[Records from a collection]
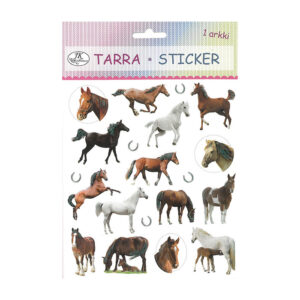 Tarra-arkki, 2159 Hevoset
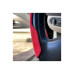 Set ornamente volan auto alcantara diverse culori universale Set ornamente volan auto alcantara diverse culori universale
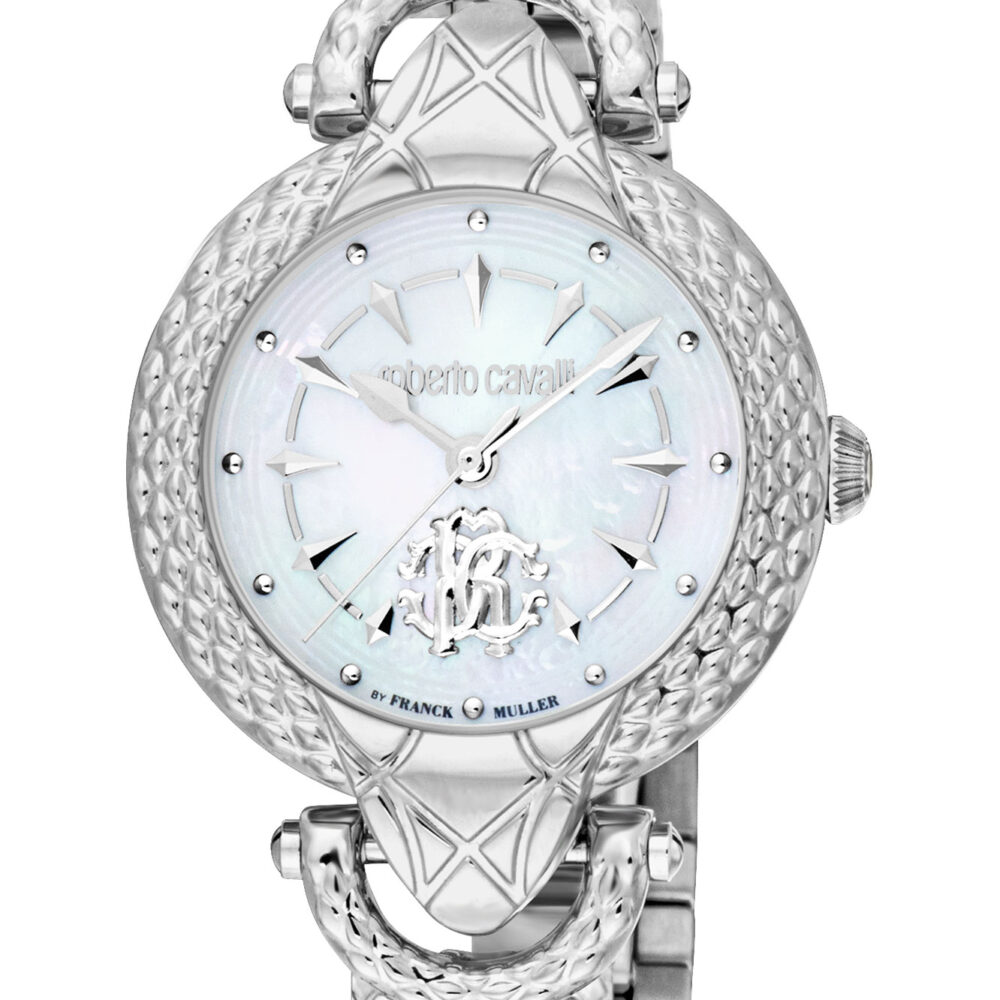 Roberto Cavalli By Franck Muller RV1L165M Donna Grigio 144031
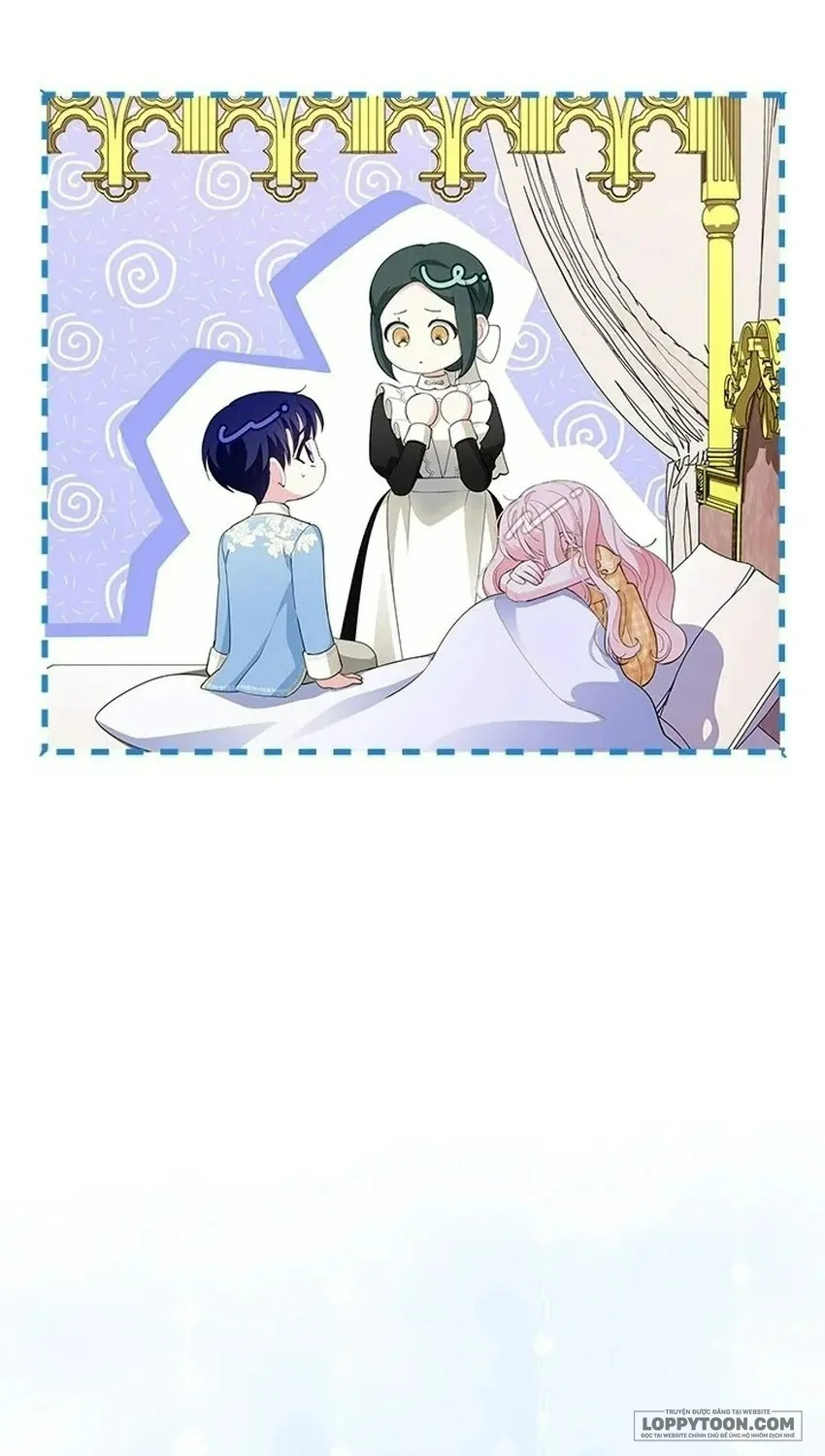 Đã Từ Chối Sủng Ái Rồi Mà Sao Còn Ám Ảnh Thế? Chap 84 - trang 7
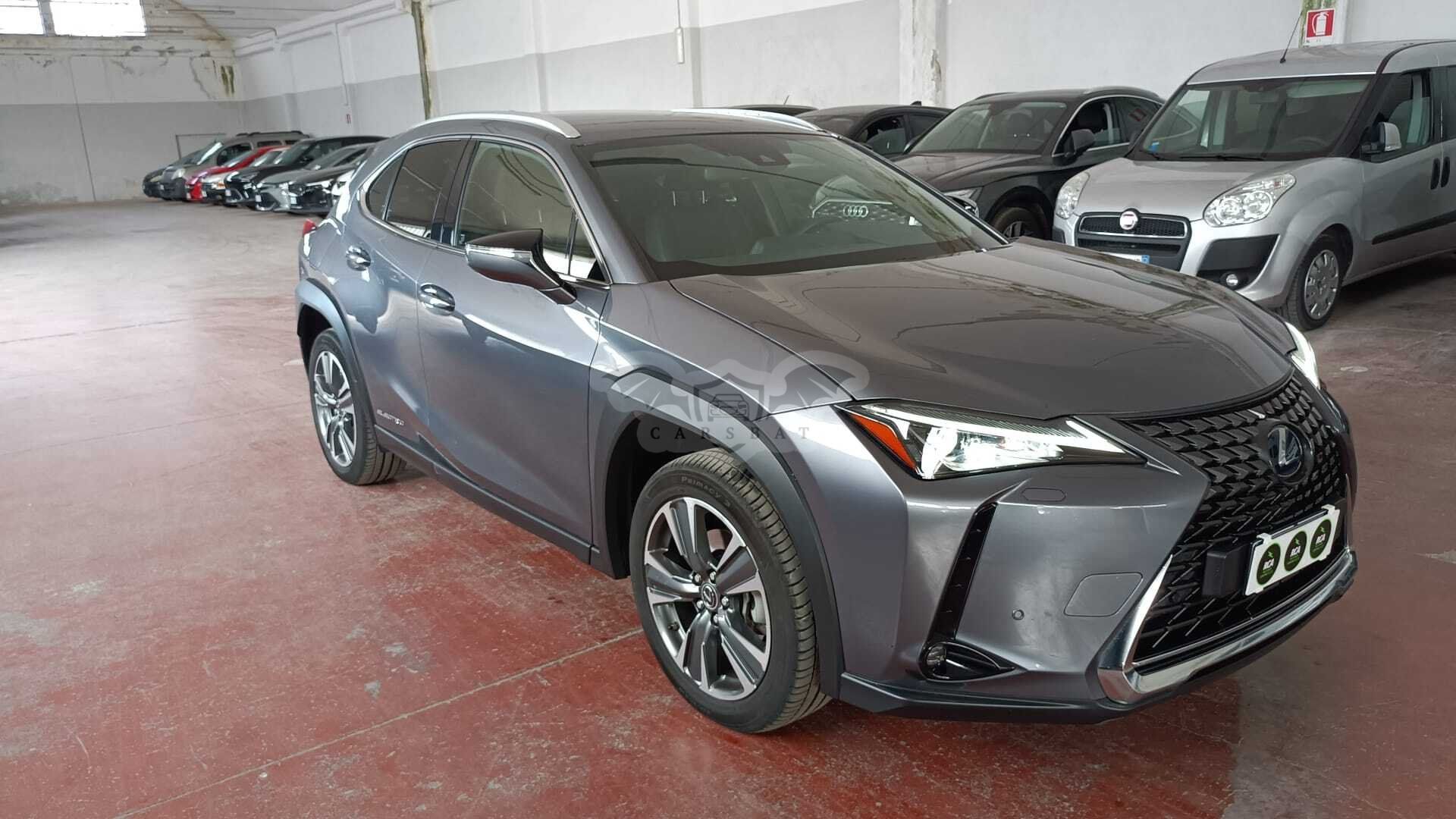 Lexus UX 300e 2021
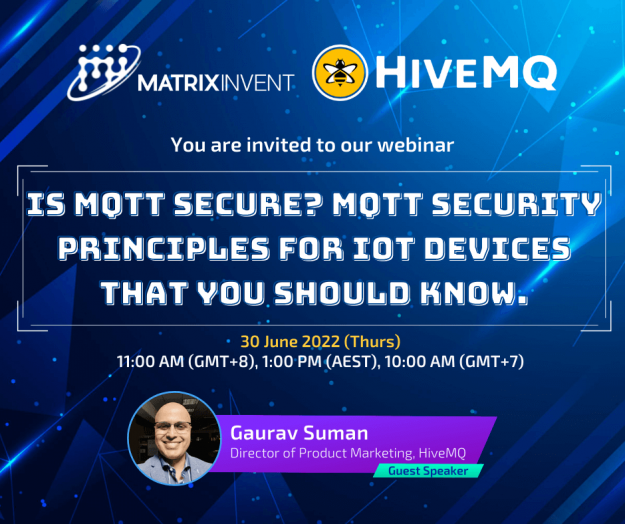 Is MQTT Secure Is MQTT Secure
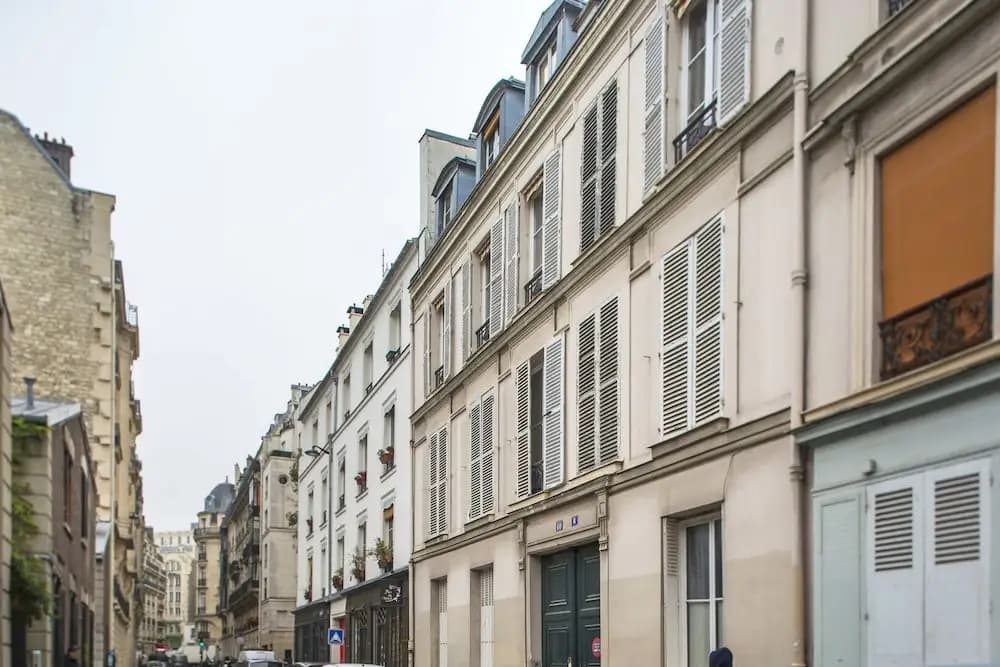 Jardin du Luxembourg Studio - main photo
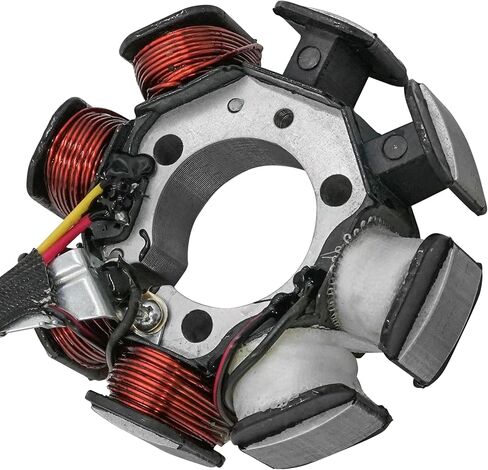 Caltric Stator Compatible With Honda Xr200R 1990-2002 in Saudi Arabia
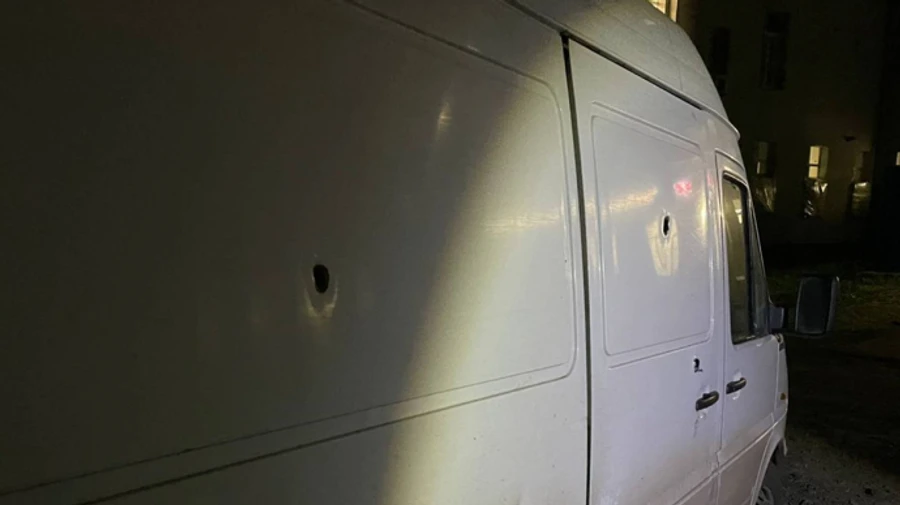 Russians pound Kostiantynivka and Shakhtarske with artillery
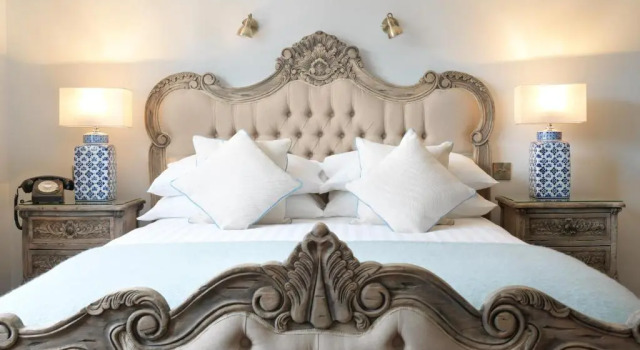 Двухместный номер Standard The Priory Hotel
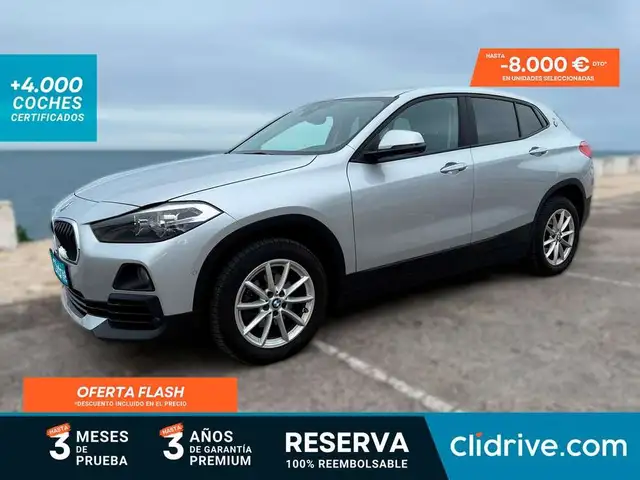 BMW X2 sDrive 16d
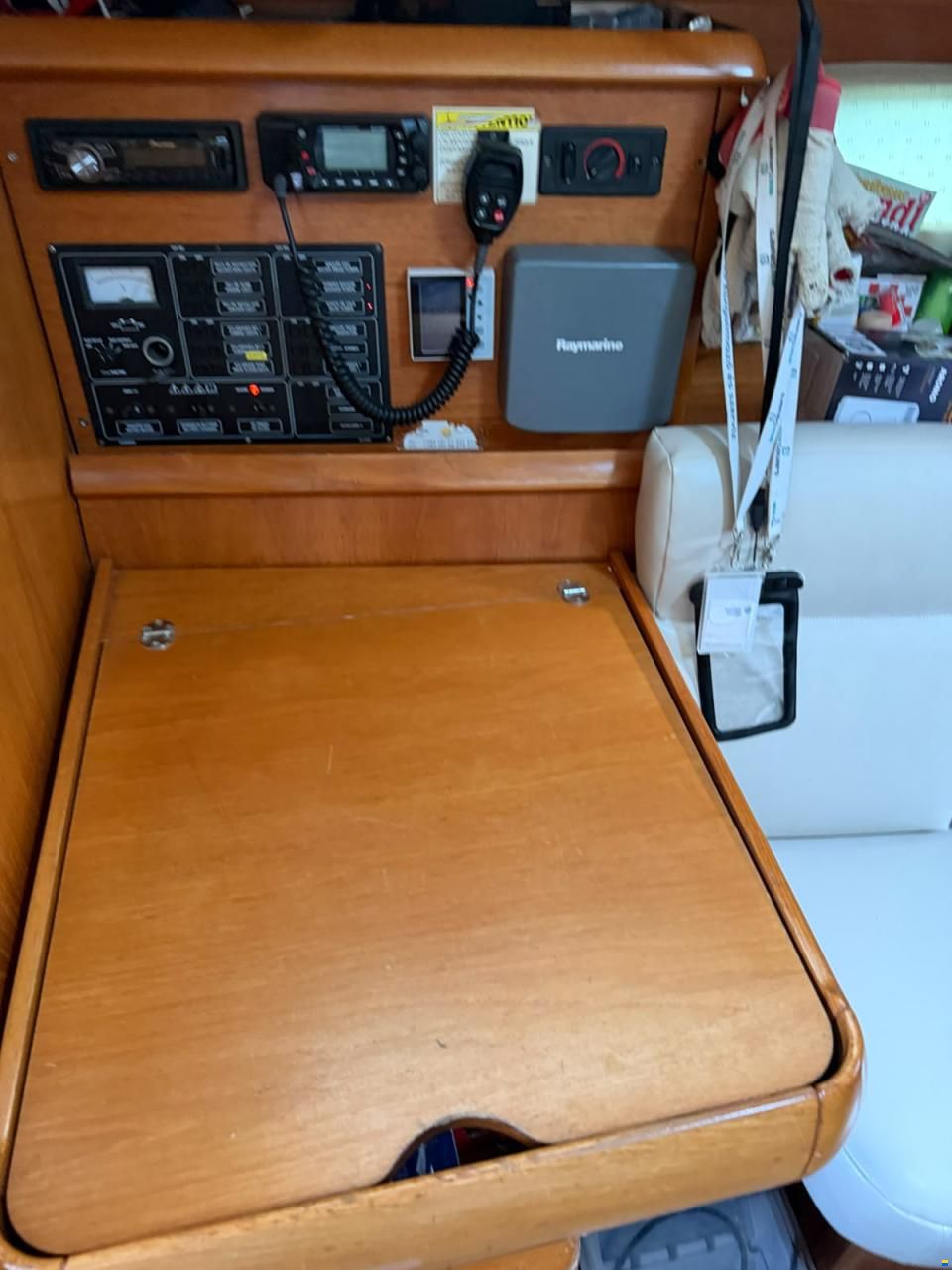 Jeanneau Sun Odyssey 35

→ To do
Find the line with "Roberto Cavalli By". Reproduce it and every line after it through the last line above exactly, leaving out the pictures.

→ Problem solution
 Roberto Cavalli By Franck Muller RV1L165M Donna Grigio 144031
 Đã Từ Chối Sủng Ái Rồi Mà Sao Còn Ám Ảnh Thế? Chap 84 - trang 7
 Lexus UX 300e 2021
 Is MQTT Secure Is MQTT Secure
 Jardin du Luxembourg Studio - main photo
 Caltric Stator Compatible With Honda Xr200R 1990-2002 in Saudi Arabia
 Russians pound Kostiantynivka and Shakhtarske with artillery
 Двухместный номер Standard The Priory Hotel
 BMW X2 sDrive 16d
 Jeanneau Sun Odyssey 35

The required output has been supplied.